Latest El Portal Fire Update
11:40 p.m.: Mop-up operations have begun on the El Portal Fire, and some of the air resources assigned to other fires Friday. The final evacuation orders have been lifted, as residents of the Foresta community have returned to their homes.
The fire, which began July 26, has burned 4,518 acres, with 3,542 acres on U.S. Forest Service lands and 985 acres inside Yosemite National Park.
1:50 p.m. Friday: The El Portal Fire has scorched 4,198 acres, with containment holding at 58 percent as of Friday morning. There are 1,360 personnel assigned to the incident.

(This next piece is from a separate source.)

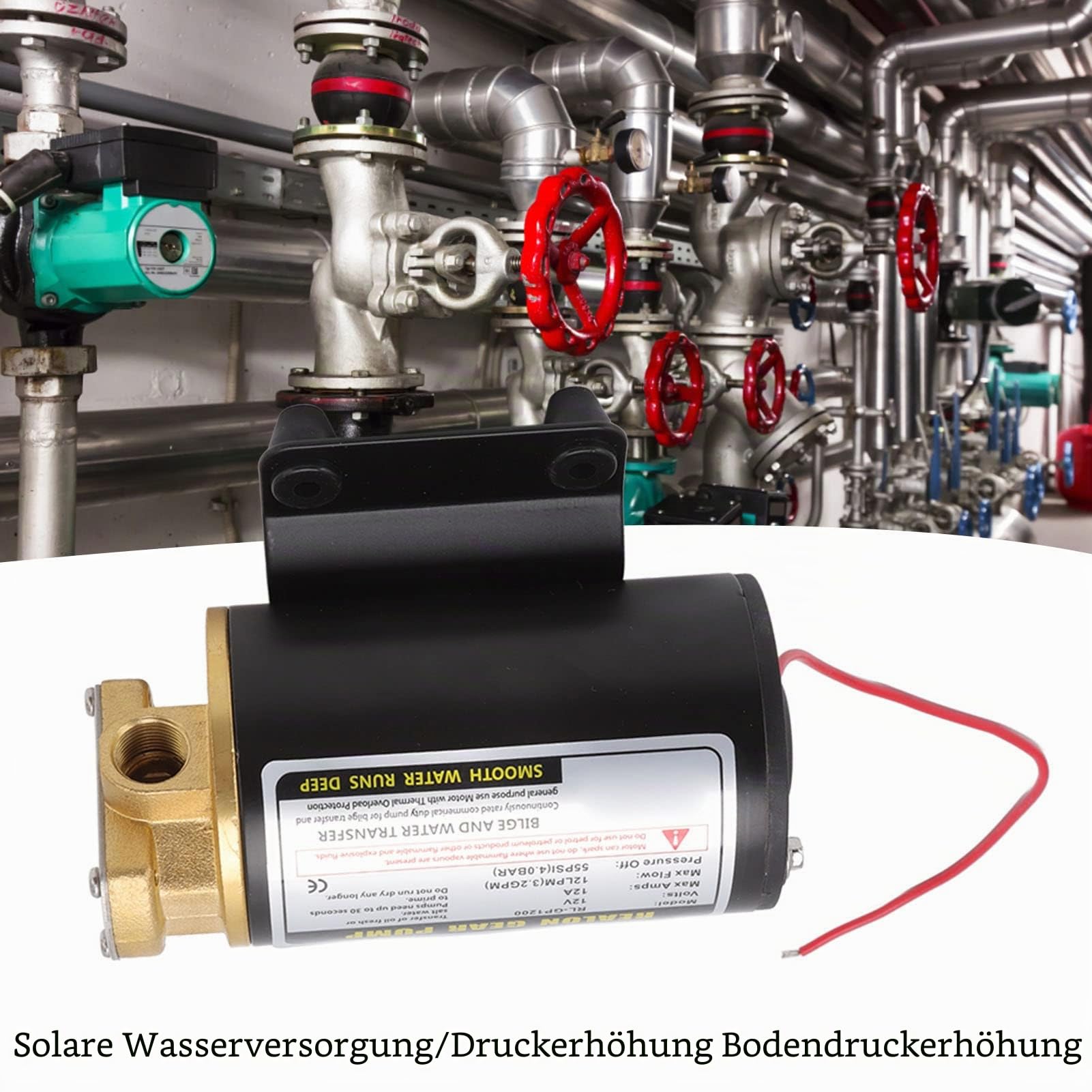 Öltransferpumpe, Messing-Hochdruck-Elektrogetriebeölpumpe, Thermischer Schutz, Effizient für Schmierstoffe (12V)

Residents of Foresta are expected to be allowed back to their homes at 3 p.m. today, with the area open to the general public Saturday afternoon.
11:30 p.m. Thursday: Favorable weather conditions led to progress on the El Portal Fire Thursday, as the blaze is now 58 percent contained, according to fire officials. The remaining evacuation order for the community of Foresta is expected to expire at 3 p.m. Friday, at which time residents will be allowed to return to their homes.
The fire, which started on July 26, has scorched 4,198 acres near Yosemite National Park, and there are 1,194 personnel assigned to the incident. Total cost of fighting the fire has risen to $5.7 million.
The air attack on the fire Thursday pretreated fuels in an effort prevent spot fires in the northeastern portion of the fire. Mop up operations began Thursday and continued into the night.
The Merced Sequoia Grove, home to some of the world's largest and oldest trees, is threatened by the fire, although the blaze is still many miles from the area.
Information Phones: El Portal Fire Call Center is open from 7:00 A.M. to 9:00 P.M. every day: (209) 372-0327, (209) 372-0328, and (209) 372-0329.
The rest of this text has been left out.